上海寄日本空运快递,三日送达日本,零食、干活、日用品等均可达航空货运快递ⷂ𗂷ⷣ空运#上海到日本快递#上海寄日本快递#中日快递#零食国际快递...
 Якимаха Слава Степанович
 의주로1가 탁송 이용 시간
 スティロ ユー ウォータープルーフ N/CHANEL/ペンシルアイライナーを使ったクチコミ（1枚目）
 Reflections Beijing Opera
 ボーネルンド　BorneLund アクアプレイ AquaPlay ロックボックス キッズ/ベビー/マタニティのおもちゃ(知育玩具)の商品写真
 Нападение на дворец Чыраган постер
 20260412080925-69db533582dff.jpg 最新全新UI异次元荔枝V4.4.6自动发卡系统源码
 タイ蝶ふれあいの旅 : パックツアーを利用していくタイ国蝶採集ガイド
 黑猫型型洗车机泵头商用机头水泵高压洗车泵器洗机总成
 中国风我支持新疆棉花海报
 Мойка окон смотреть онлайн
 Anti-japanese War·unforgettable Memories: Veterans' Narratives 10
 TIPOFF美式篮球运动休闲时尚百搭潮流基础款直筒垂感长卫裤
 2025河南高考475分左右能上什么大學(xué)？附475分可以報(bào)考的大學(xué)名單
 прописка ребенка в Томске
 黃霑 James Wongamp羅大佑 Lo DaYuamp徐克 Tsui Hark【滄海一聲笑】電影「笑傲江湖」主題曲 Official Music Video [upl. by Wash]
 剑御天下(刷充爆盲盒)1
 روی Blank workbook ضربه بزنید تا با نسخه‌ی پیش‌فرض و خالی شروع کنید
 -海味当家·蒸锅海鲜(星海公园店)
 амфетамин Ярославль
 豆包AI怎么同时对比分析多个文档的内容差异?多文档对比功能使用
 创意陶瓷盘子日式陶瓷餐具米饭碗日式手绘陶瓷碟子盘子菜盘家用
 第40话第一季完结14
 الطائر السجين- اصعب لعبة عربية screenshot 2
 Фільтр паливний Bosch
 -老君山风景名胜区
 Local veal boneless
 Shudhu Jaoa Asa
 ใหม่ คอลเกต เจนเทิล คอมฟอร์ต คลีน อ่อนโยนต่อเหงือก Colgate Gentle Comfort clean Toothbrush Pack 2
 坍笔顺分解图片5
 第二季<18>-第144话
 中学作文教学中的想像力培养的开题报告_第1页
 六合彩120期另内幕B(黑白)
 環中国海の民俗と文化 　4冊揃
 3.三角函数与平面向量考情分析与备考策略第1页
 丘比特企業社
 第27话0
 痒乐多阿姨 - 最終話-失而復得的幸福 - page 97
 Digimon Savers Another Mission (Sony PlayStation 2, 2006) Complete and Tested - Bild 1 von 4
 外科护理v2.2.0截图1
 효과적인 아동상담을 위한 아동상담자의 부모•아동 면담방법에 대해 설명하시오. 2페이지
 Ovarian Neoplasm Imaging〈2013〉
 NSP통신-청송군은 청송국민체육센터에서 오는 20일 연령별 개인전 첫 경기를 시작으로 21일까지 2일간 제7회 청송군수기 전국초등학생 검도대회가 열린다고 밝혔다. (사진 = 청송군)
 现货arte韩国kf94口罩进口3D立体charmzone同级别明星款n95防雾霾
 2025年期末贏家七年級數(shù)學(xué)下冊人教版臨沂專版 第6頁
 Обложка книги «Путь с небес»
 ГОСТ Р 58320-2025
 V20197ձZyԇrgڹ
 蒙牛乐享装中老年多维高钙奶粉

*Exercise instructions*.
Everything from the first line of the records through the line holding "ボーネルンド　BorneLund アクアプレイ AquaPlay" is to be transcribed exactly; leave out all other lines.

*Solution for this problem*.
上海寄日本空运快递,三日送达日本,零食、干活、日用品等均可达航空货运快递ⷂ𗂷ⷣ空运#上海到日本快递#上海寄日本快递#中日快递#零食国际快递...
 Якимаха Слава Степанович
 의주로1가 탁송 이용 시간
 スティロ ユー ウォータープルーフ N/CHANEL/ペンシルアイライナーを使ったクチコミ（1枚目）
 Reflections Beijing Opera
 ボーネルンド　BorneLund アクアプレイ AquaPlay ロックボックス キッズ/ベビー/マタニティのおもちゃ(知育玩具)の商品写真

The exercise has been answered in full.